The move is unlikely to seriously crimp foreign use of social media to interfere in US elections, because most of that activity does not involve ads. “Ads are an old-school concept,” says Jonathan Albright, research director of the Tow Center for Digital Journalism, who published a recent study showing that Russian-controlled Facebook accounts may have reached users hundreds of millions of times through ordinary posts, far more users than saw their ads. “This is more PR. It’s like putting duct tape on the hull of a battleship.”
Political campaigns tapped Twitter data before the election to find sentiment and conversations around issues like immigration, guns, abortion, and unemployment, Albright says. Social-media companies “sell access to people or people’s minds,” he adds. Both RT and Sputnik will be able to retain their Twitter accounts and reach users organically. Russia Today, also known as RT, has more than 2.65 million Twitter followers, and Sputnik has more than 200,000.
As if to underscore Albright’s point, RT retaliated by sharing details about a meeting with Twitter in April 2016 where Twitter tried to convince RT to “spend big” on the 2016 presidential election. In response to questions, a spokesperson for Twitter says, “We do not have any comment on our private communication with any advertiser, even a former advertiser.”

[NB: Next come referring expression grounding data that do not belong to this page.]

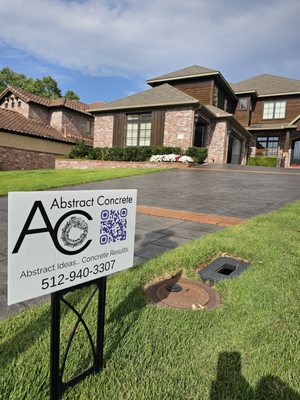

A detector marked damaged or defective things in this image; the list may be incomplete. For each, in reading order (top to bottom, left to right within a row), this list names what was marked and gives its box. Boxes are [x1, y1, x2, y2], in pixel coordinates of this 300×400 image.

rusty metal manhole cover [145, 278, 220, 310]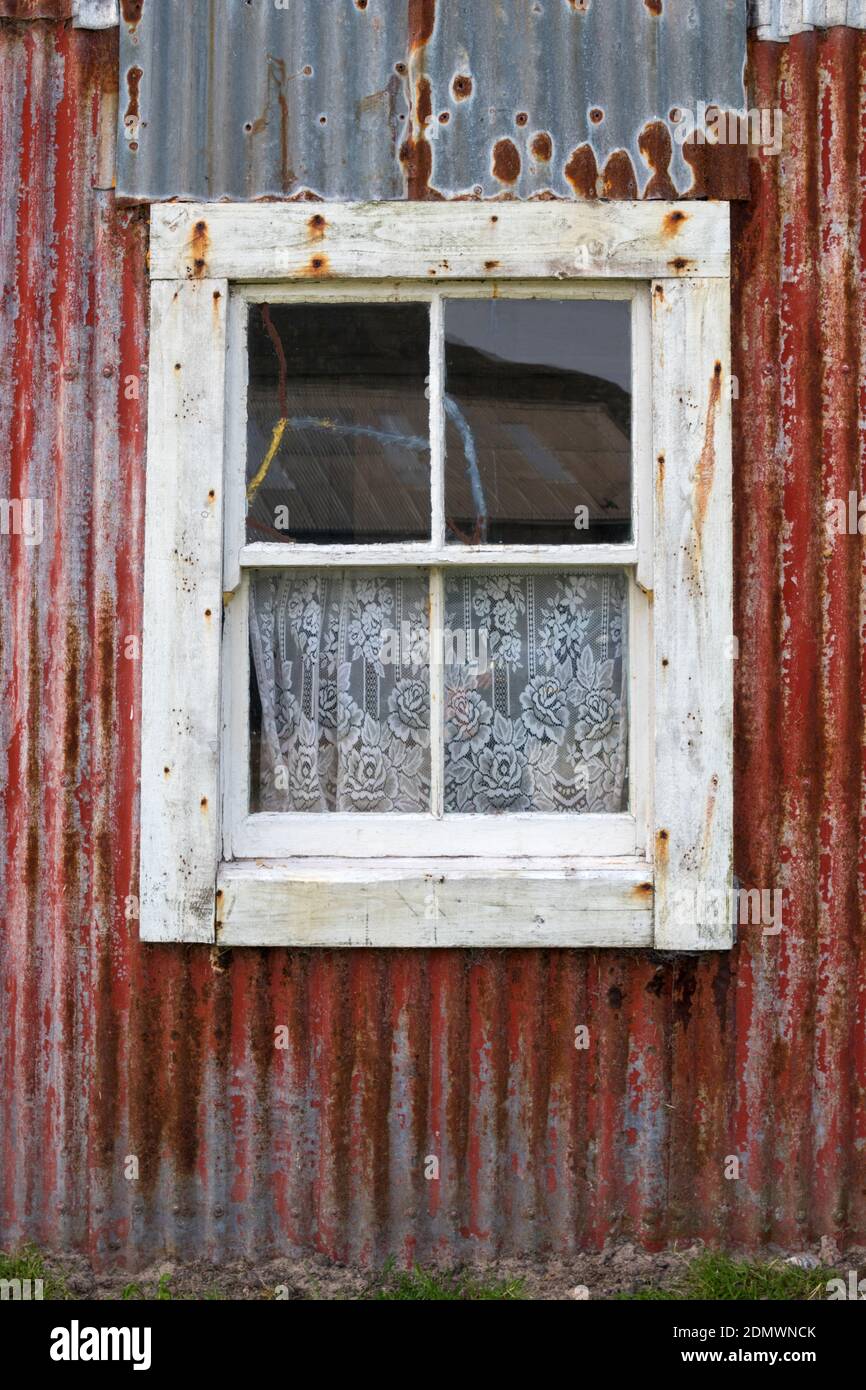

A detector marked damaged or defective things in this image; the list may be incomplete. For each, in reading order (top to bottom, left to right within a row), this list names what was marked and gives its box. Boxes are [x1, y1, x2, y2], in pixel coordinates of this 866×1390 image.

rusty metal sheet [115, 0, 750, 202]
rust stain [453, 74, 475, 101]
rust stain [494, 136, 522, 184]
rust stain [530, 130, 553, 161]
rust stain [567, 145, 600, 200]
rust stain [603, 150, 636, 200]
rust stain [639, 121, 681, 201]
rust stain [189, 218, 209, 278]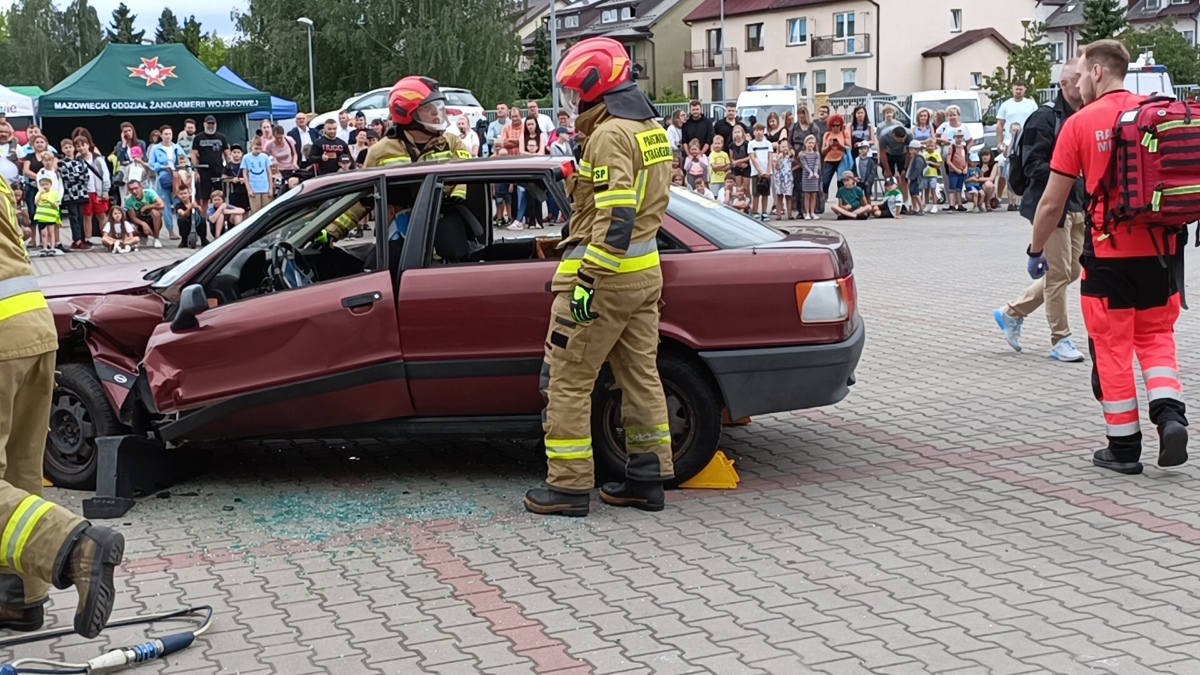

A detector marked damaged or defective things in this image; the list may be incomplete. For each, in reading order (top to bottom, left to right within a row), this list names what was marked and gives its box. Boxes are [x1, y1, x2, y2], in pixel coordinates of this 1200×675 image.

damaged red car [39, 156, 864, 488]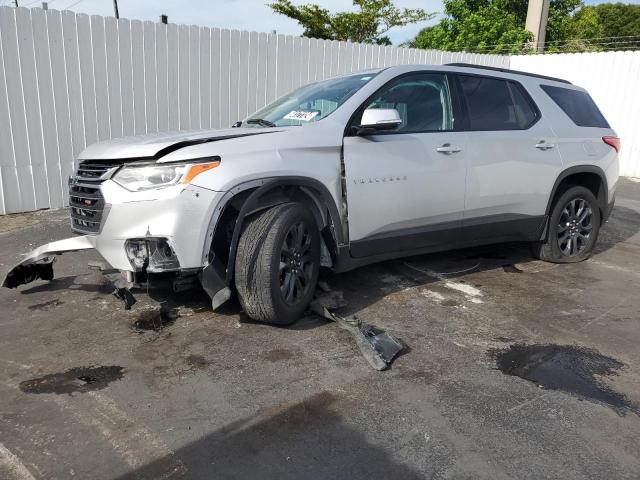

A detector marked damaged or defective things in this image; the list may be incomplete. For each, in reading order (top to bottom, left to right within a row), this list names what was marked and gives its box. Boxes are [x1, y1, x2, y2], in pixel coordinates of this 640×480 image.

detached fender piece [2, 234, 95, 286]
broken headlight assembly [115, 158, 222, 191]
damaged white suv [2, 63, 616, 324]
cracked asphalt [1, 178, 640, 478]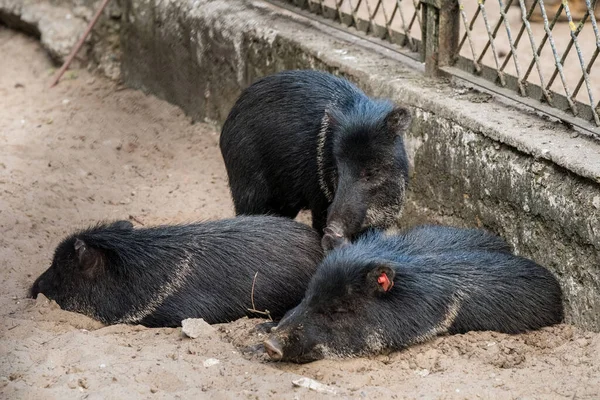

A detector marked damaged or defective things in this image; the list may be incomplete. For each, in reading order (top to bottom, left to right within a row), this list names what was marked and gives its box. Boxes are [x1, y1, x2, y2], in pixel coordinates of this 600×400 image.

rusty metal grate [270, 0, 600, 136]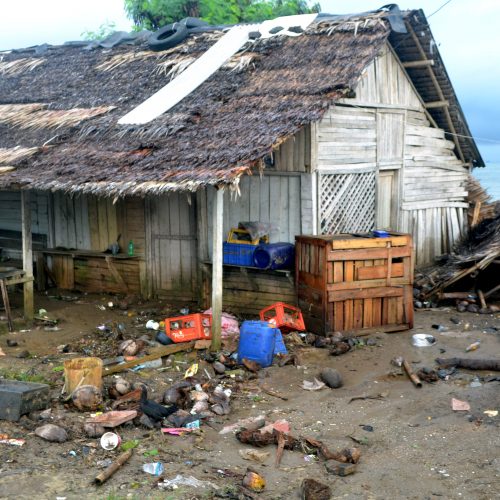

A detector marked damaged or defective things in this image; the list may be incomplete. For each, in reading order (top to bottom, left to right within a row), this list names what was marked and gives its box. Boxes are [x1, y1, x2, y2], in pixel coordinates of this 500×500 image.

broken roof [0, 8, 484, 195]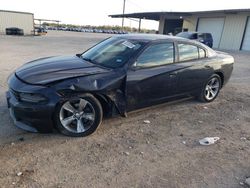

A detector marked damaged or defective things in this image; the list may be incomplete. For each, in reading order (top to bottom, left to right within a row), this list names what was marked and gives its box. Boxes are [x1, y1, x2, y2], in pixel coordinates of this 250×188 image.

crumpled hood [14, 55, 110, 85]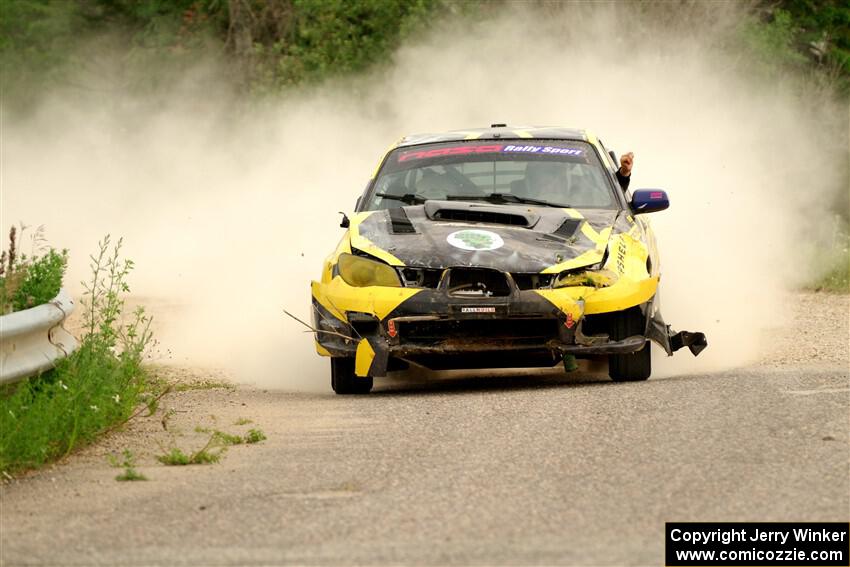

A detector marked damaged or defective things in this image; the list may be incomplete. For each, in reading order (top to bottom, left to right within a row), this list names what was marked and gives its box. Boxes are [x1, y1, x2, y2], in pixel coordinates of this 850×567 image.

Tech giants have been announcing efforts to address propaganda on their networks, as information mounts about Silicon Valley’s sway over the election. Twitter Tuesday said it would make ads more transparent, by allowing users to see how long the ads have been running, the content of the ads, and which ads have been targeted at them. Facebook detailed its own transparency efforts early this month, including tools that allow users to see which ads a Page is running. “We hope that this will establish a new standard for our industry in ad transparency,” wrote Joel Kaplan, Facebook’s VP of global public policy in an Oct. 2 blog post.
Facing Prospect of Regulation, Twitter Plans New Ad Disclosures
How Big Tech Became a Bipartisan Whipping Boy
What We Know—and Don’t Know—About Facebook, Trump, and Russia
Congress’s New Bill Can’t Eliminate Russian Influence Online
The announcements may appear cosmetic now, but could guide decisions down the road, Albright says. “What’s happening right now is going to set up a lot of future policy and governance” for online platforms, he says.
Additional evidence of tech-company influence on the elections emerged Thursday in a study by two university professors concluding that employees from Twitter, Google, and Facebook who embedded with the Trump campaign were “active agents” in shaping its strategy and message. The study was first reported by Politico. The Twitter spokesperson said the company provides “nonpartisan ad sales resources” to help advertisers around the world. “In 2016 we offered such resources to both the Clinton and Trump campaigns, as well as gubernatorial and Senate races across both parties,” the spokesperson said. In a statement, Google said, “Like at many companies, our sales team offers support to large partners to help them get the most out of our advertising platforms.” Facebook did not immediately respond to a question about the study.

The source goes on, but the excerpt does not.